- [How to complete this task]: The answer is to be an exact copy of the lines below running from the line with "Elegant fancy three-line" down to the line with "Relaxed couple sitting", both ends included, and nothing more.

- [Extracted entries]:

━━━

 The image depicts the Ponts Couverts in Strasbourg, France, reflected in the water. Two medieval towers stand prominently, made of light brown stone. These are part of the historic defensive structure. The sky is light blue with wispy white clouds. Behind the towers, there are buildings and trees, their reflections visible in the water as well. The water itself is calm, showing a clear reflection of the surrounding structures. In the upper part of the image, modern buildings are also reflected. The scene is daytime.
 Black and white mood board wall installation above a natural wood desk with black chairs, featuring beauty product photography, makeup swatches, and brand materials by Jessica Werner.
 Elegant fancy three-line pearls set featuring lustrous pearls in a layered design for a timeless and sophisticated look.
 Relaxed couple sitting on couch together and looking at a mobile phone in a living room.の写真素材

━━━

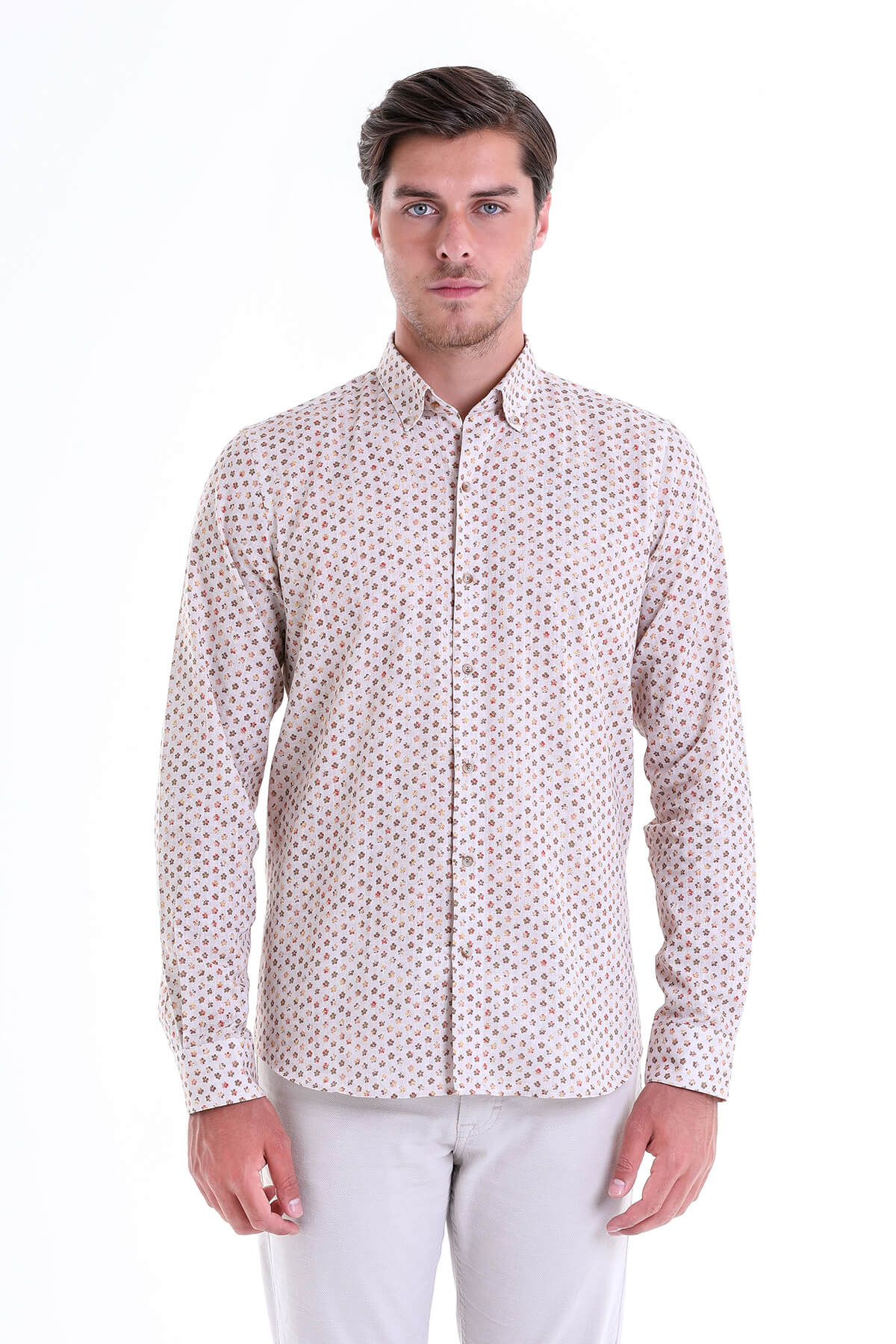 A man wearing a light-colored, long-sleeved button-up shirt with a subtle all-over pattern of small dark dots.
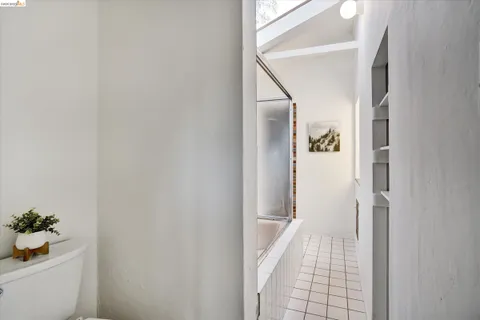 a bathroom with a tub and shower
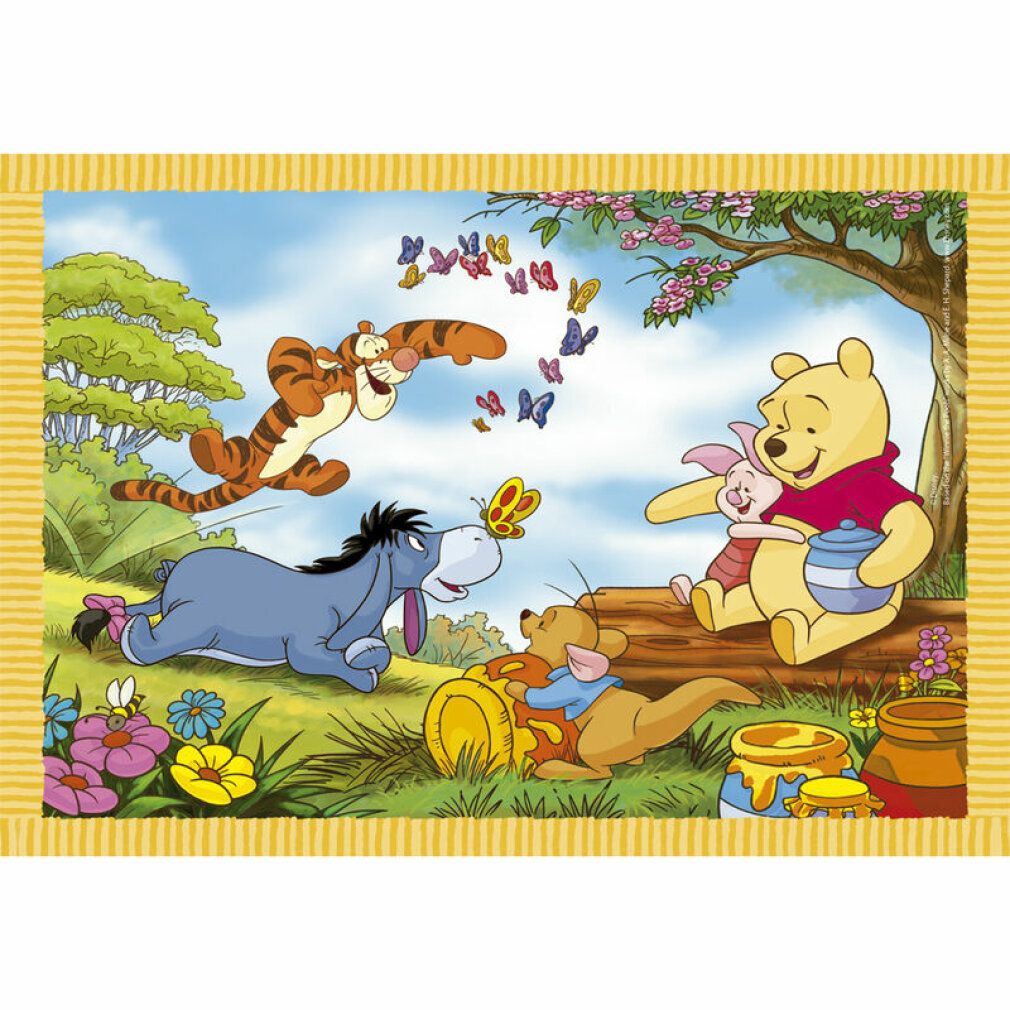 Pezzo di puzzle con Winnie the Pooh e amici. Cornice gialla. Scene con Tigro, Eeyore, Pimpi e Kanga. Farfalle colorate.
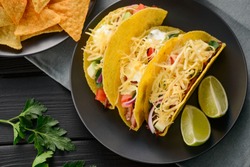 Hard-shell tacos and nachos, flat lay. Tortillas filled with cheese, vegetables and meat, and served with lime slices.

━━━

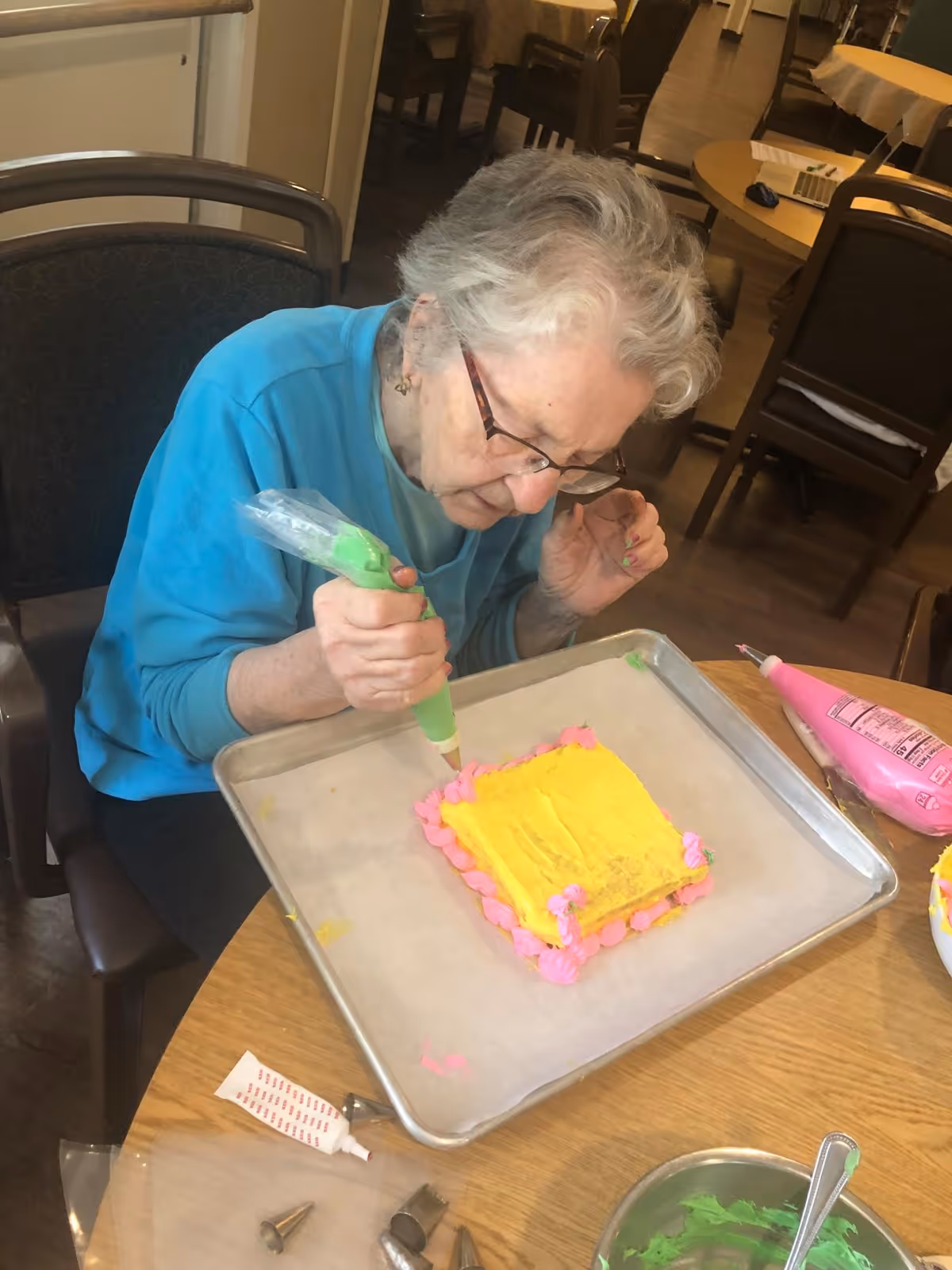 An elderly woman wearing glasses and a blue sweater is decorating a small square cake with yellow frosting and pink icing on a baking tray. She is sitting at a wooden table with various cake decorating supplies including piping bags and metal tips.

━━━

- [Task result]:
 Elegant fancy three-line pearls set featuring lustrous pearls in a layered design for a timeless and sophisticated look.
 Relaxed couple sitting on couch together and looking at a mobile phone in a living room.の写真素材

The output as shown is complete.